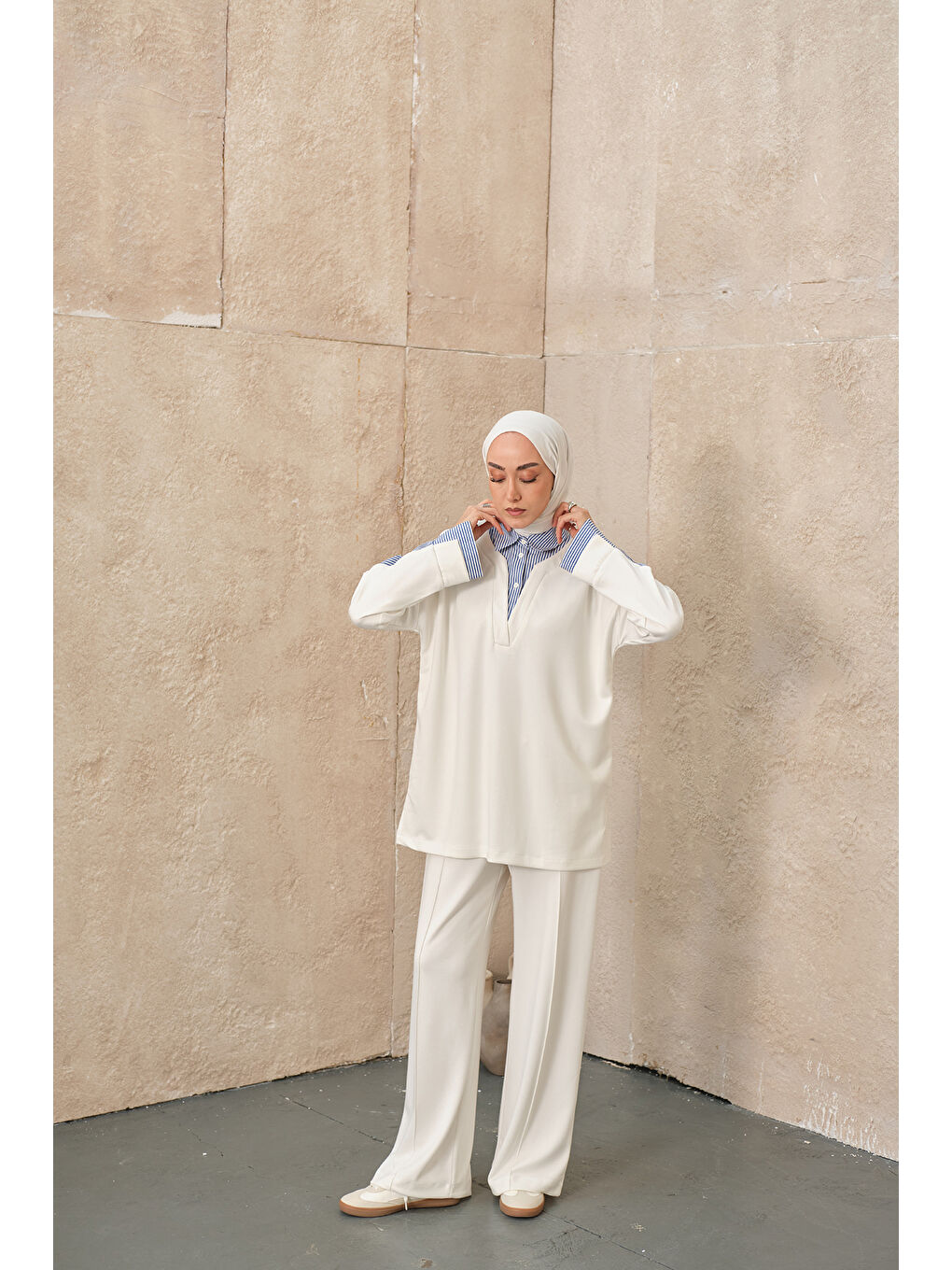 Kadın Gömlek Yaka İkili Takım Beyaz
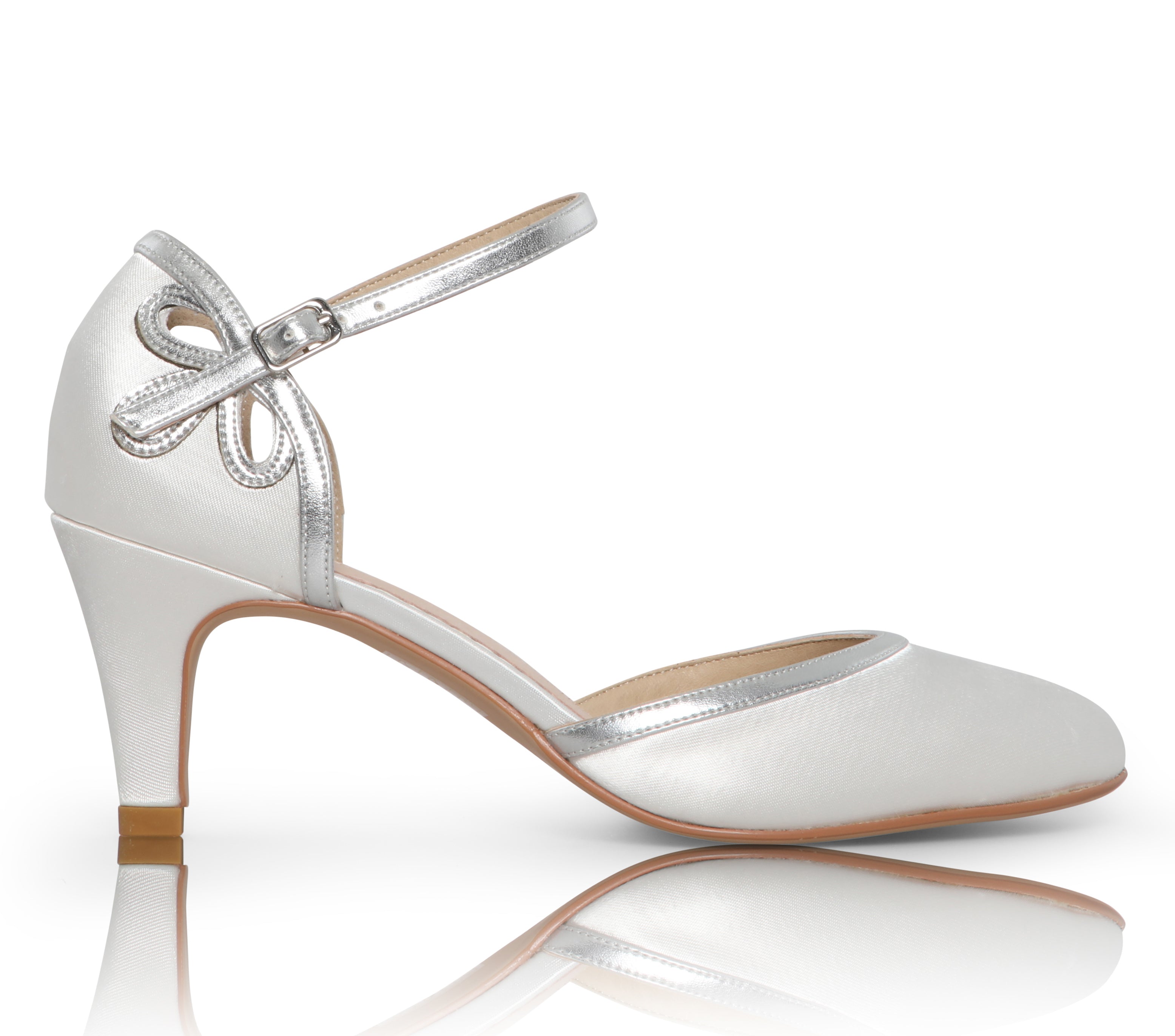 Nina ivory satin back detail shoes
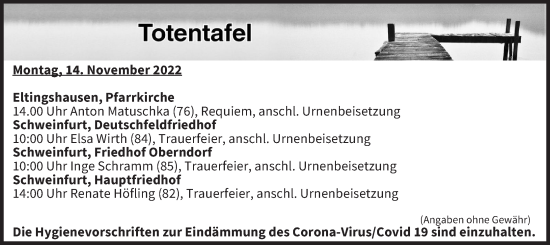 Anzeige von Totentafel vom 14.11.2022 von MGO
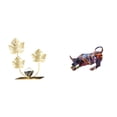 thumbnail image 1 of Figura decorativa de flores y hojas de metal, escultura de toro de resina, pintura de toro de resina, adorno escultórico adecuado para el hogar y la o, 1 of 8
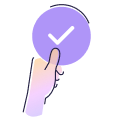 Hand with checkmark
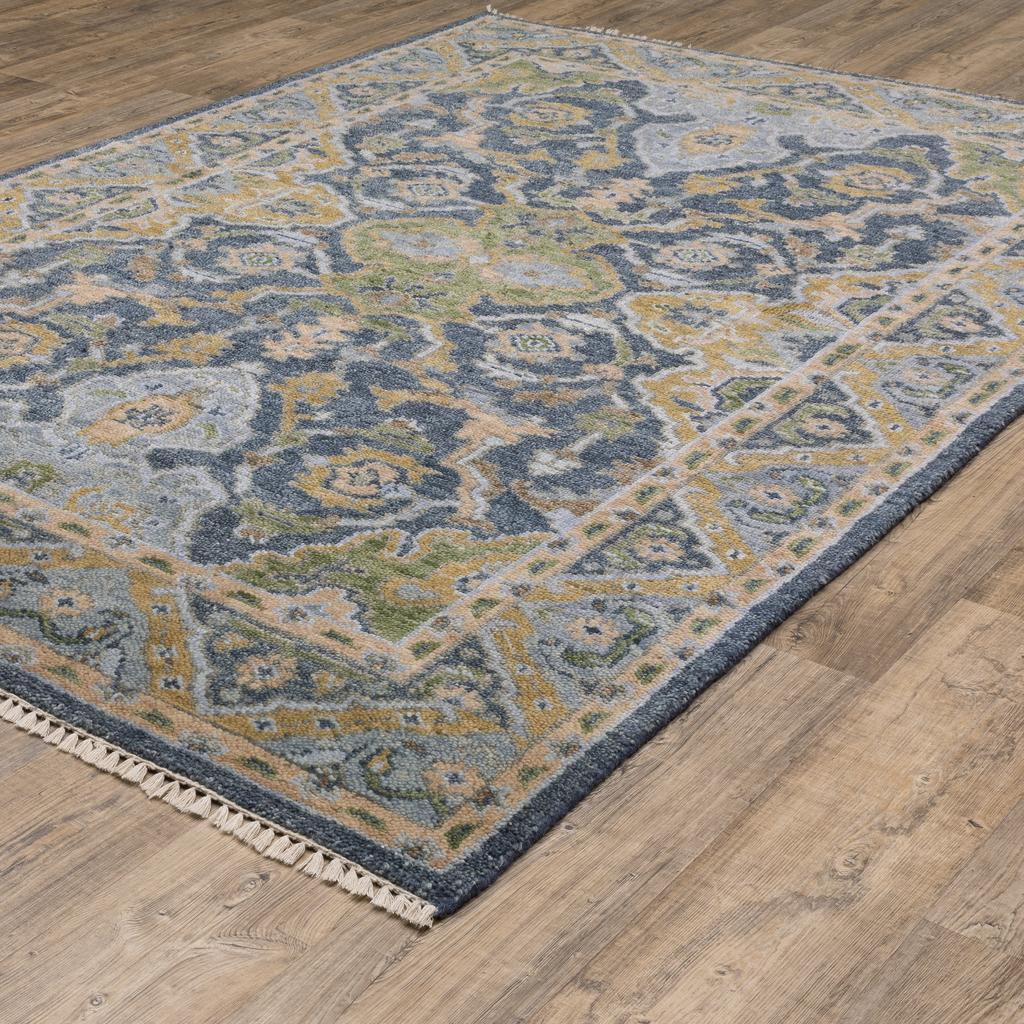 Oriental Weavers Majorca MAJ03 Blue Rectangle Indoor Runner Oriental Pattern-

Goal of the exercise
Set the records down again word for word; the pictures stay out.

Finished task
 Kadın Gömlek Yaka İkili Takım Beyaz
 Nina ivory satin back detail shoes
 Anzeige von Totentafel vom 14.11.2022 von MGO
 thumbnail image 1 of Figura decorativa de flores y hojas de metal, escultura de toro de resina, pintura de toro de resina, adorno escultórico adecuado para el hogar y la o, 1 of 8
 Hand with checkmark
 Oriental Weavers Majorca MAJ03 Blue Rectangle Indoor Runner Oriental Pattern-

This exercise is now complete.